Work order: Of the records that follow, copy only the lines from the line containing "Used Toyota Verso" to the line containing "Delightful 1 bedroom", both included, exactly as written.

Data shown:
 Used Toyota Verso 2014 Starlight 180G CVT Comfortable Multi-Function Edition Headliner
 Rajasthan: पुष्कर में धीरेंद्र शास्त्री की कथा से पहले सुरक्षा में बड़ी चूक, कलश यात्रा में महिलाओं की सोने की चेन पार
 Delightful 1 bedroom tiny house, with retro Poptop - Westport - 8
...
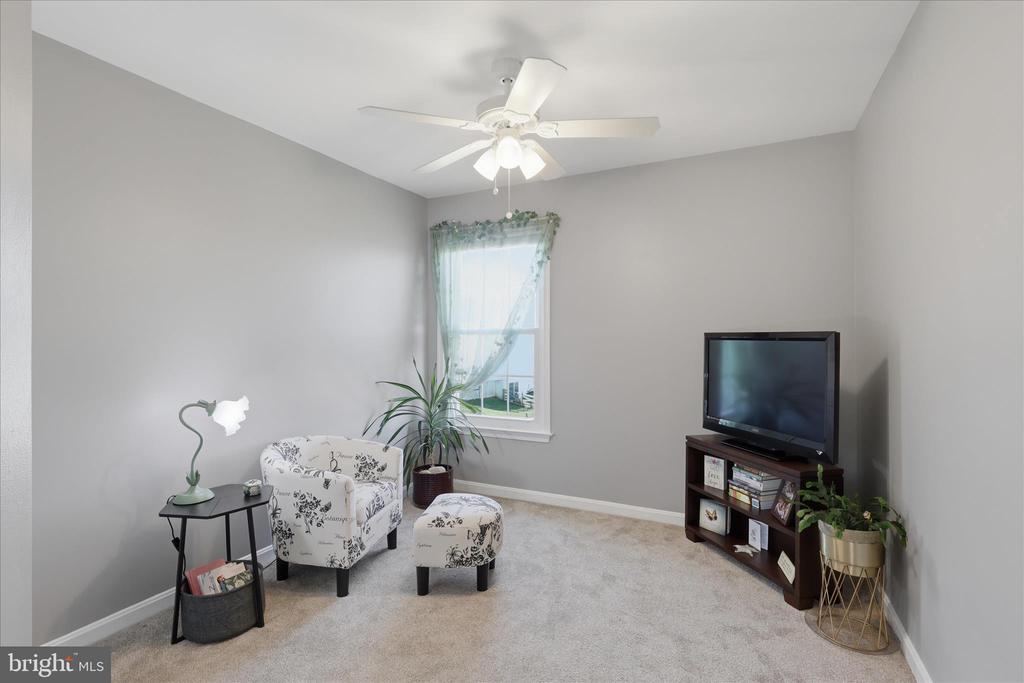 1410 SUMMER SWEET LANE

Reply:
 Used Toyota Verso 2014 Starlight 180G CVT Comfortable Multi-Function Edition Headliner
 Rajasthan: पुष्कर में धीरेंद्र शास्त्री की कथा से पहले सुरक्षा में बड़ी चूक, कलश यात्रा में महिलाओं की सोने की चेन पार
 Delightful 1 bedroom tiny house, with retro Poptop - Westport - 8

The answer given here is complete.